Bioinformatics explained: RNA structure prediction by minimum free energy minimization

RNA molecules are hugely important in the biology of the cell. Besides their rather simple role as an intermediate messenger between DNA and protein, RNA molecules can have a plethora of biologic functions. Well known examples of this are the infrastructural RNAs such as tRNAs, rRNAs and snRNAs, but the existence and functionality of several other groups of non-coding RNAs are currently being discovered. These include micro- (miRNA), small interfering- (siRNA), Piwi interacting- (piRNA) and small modulatory RNAs (smRNA) [Costa, 2007].

A common feature of many of these non-coding RNAs is that the molecular structure is important for the biological function of the molecule.
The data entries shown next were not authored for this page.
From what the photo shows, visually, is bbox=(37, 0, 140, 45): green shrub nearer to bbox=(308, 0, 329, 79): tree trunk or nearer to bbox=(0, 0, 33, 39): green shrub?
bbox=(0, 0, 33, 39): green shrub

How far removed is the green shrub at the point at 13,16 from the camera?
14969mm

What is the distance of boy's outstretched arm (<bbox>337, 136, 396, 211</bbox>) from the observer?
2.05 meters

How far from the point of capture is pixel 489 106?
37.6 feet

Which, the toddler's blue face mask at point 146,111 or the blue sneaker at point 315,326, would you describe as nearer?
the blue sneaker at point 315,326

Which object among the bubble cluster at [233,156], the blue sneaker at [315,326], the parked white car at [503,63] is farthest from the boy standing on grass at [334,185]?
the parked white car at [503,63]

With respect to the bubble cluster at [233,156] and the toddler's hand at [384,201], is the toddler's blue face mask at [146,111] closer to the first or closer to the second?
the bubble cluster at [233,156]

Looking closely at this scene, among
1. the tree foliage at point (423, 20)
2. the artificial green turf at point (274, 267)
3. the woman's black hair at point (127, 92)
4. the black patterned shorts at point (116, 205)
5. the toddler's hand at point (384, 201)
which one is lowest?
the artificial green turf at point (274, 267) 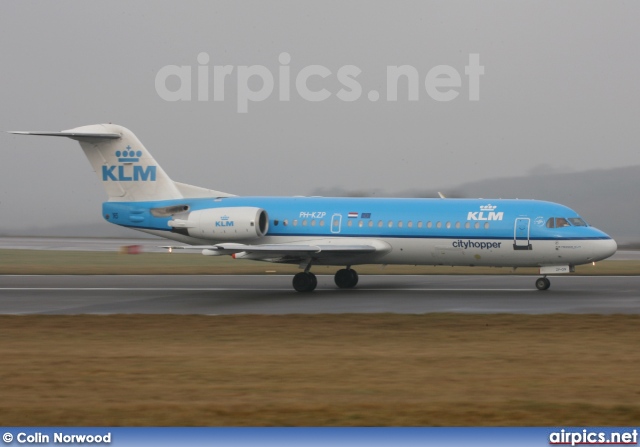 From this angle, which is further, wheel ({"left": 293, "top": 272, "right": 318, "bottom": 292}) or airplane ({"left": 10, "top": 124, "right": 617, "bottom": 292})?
wheel ({"left": 293, "top": 272, "right": 318, "bottom": 292})

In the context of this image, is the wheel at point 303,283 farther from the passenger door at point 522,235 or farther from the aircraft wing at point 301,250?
the passenger door at point 522,235

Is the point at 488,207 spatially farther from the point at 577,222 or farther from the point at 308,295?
the point at 308,295

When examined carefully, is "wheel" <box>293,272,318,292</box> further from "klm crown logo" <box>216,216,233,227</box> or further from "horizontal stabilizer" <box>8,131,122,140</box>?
"horizontal stabilizer" <box>8,131,122,140</box>

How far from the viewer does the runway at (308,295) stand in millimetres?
22250

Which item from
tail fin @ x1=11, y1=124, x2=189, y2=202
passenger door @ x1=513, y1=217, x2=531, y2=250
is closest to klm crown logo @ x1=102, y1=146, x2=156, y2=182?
tail fin @ x1=11, y1=124, x2=189, y2=202

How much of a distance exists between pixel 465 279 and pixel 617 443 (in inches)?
976

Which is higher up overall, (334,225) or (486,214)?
(486,214)

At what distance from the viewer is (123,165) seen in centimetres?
3047

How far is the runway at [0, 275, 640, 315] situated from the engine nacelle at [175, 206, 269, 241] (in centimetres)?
175

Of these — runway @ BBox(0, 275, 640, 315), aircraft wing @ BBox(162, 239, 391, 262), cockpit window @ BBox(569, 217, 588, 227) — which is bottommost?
runway @ BBox(0, 275, 640, 315)

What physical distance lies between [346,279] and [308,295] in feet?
9.83

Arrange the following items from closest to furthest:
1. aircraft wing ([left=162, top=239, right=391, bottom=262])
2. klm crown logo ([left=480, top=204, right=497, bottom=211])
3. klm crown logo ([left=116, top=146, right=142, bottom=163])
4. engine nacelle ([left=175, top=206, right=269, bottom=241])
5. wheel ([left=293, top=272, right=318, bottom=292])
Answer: aircraft wing ([left=162, top=239, right=391, bottom=262]), klm crown logo ([left=480, top=204, right=497, bottom=211]), wheel ([left=293, top=272, right=318, bottom=292]), engine nacelle ([left=175, top=206, right=269, bottom=241]), klm crown logo ([left=116, top=146, right=142, bottom=163])

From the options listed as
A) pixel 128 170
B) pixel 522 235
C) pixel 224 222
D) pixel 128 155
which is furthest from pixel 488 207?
pixel 128 155

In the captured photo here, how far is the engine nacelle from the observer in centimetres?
2798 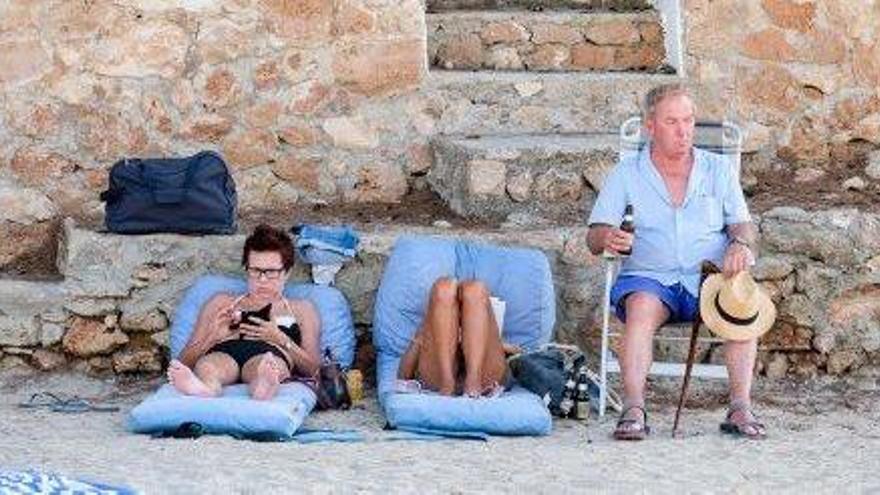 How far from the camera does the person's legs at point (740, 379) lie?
619cm

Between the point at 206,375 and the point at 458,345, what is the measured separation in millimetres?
934

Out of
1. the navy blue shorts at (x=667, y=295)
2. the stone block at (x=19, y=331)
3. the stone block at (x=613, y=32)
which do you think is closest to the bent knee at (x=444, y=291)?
the navy blue shorts at (x=667, y=295)

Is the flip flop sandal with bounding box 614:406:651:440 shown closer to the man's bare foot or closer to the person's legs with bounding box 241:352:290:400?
the person's legs with bounding box 241:352:290:400

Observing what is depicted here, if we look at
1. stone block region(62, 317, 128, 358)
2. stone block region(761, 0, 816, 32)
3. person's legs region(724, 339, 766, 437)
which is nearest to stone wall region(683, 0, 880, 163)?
stone block region(761, 0, 816, 32)

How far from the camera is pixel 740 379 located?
623cm

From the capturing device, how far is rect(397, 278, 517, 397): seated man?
650cm

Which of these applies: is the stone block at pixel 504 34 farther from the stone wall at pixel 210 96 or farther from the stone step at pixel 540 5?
the stone wall at pixel 210 96

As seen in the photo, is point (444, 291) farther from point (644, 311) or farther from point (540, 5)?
point (540, 5)

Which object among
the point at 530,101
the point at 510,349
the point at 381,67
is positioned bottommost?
the point at 510,349

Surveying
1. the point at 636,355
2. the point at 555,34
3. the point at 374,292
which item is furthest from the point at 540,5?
the point at 636,355

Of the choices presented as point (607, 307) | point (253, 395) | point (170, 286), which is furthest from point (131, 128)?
point (607, 307)

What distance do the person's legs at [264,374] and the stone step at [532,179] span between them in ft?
4.64

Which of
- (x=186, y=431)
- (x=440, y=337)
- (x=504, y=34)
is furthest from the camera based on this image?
(x=504, y=34)

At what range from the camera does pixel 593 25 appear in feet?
28.5
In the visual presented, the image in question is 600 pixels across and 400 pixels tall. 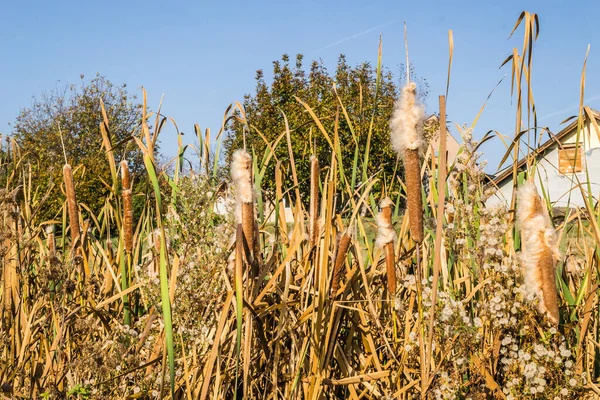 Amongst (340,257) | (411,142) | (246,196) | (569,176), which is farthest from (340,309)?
(569,176)

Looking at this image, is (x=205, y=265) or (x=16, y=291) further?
(x=16, y=291)

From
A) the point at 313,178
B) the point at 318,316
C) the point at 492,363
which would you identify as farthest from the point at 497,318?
the point at 313,178

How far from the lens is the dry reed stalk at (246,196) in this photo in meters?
1.58

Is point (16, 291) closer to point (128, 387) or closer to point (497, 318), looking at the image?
point (128, 387)

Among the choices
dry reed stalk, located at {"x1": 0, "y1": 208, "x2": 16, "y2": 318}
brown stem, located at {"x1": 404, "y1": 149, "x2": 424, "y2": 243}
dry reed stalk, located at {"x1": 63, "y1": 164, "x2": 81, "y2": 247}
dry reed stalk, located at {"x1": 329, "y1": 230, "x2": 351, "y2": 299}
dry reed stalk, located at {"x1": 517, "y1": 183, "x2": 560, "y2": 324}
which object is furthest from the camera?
dry reed stalk, located at {"x1": 0, "y1": 208, "x2": 16, "y2": 318}

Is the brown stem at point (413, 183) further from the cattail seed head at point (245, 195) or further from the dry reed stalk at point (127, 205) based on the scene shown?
the dry reed stalk at point (127, 205)

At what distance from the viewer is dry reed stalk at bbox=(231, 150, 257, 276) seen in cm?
158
Ideally, biological function is best interpreted against a 3D structure of an RNA molecule. However, 3D structure determination of RNA molecules is time-consuming, expensive, and difficult [Shapiro et al., 2007] and there is therefore a great disparity between the number of known RNA sequences and the number of known RNA 3D structures.

However, as it is the case for proteins, RNA tertiary structures can be characterized by secondary structural elements. These are defined by hydrogen bonds within the molecule that form several recognizable "domains" of secondary structure like stems, hairpin loops, bulges and internal loops (see below). Furthermore, the high degree of base-pair conservation observed in the evolution of RNA molecules shows that a large part of the functional information is actually contained in the secondary structure of the RNA molecule.

Fortunately, RNA secondary structure can be computationally predicted from sequence data allowing researchers to map sequence information to functional information. The subject of this paper is to describe a very popular way of doing this, namely free energy minimization. For an in-depth review of algorithmic details, we refer the reader to [Mathews and Turner, 2006].